[BioPython] Martel-0.1

Andrew Dalke dalke@acm.org
Mon, 14 Aug 2000 04:10:44 -0600


Okay, I've got the first external of Martel, my parser generator
for regular languages, up and available.  It currently supports
swissprot38, PDB 2.1 and Blast 2.0.10 (all only lightly tested).
The code is available at
  http://biopython.org/~dalke/Martel-0.1.tar.gz
(it unpacks to 'Martel/').  The README is
  http://biopython.org/~dalke/Martel.README
Allow me to add that it's way cool.  :)

It uses regular expressions to describe a file format.  That regex
is used to create a state table for mxTextTools.  Named groups
(?P<like>this) are used for tag names.  After a string is parsed,
the tag lists are traversed and used to generate the events needed
by SAX.

That means you can convert, for example, swissprot records into
XML, or turn it into a DOM.  The output well-formed only, but
I've an idea for how to generate DTDs if given the data type
information for the tags... and knowledge of how DTDs are
supposed to work. :)

Unlike other most other parsers, the output from Martel also
preserves the physical information, so you can use it to convert
a record to HTML without changing how the file looks like.

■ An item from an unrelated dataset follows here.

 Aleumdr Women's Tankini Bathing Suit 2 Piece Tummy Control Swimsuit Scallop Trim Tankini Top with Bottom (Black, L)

To use it you'll need Python, mxTextTools and the xml module for
Python (I used v0.5.2; Python 1.6 has newer and incompatible code.)

There aren't any real examples, but try the test code for one of
the formats by doing something akin to:

from Martel.test import test_swissprot38
test_swissprot38.dump()

That produces an XML-like display of all the events for each of
the test cases.  There's also a function in Martel.test.support
called 'test_file' which works like:

from Martel.test import support
from Martel.formats import PDB_2_1
support.test_file(PDB_2_1.format, open("pdb1plm.ent"))

(Assuming you have pdb1plm handy.)

I'm presenting a poster about this at BOSC on Friday, so would
appreciate feedback.

                    Andrew
                    dalke@acm.org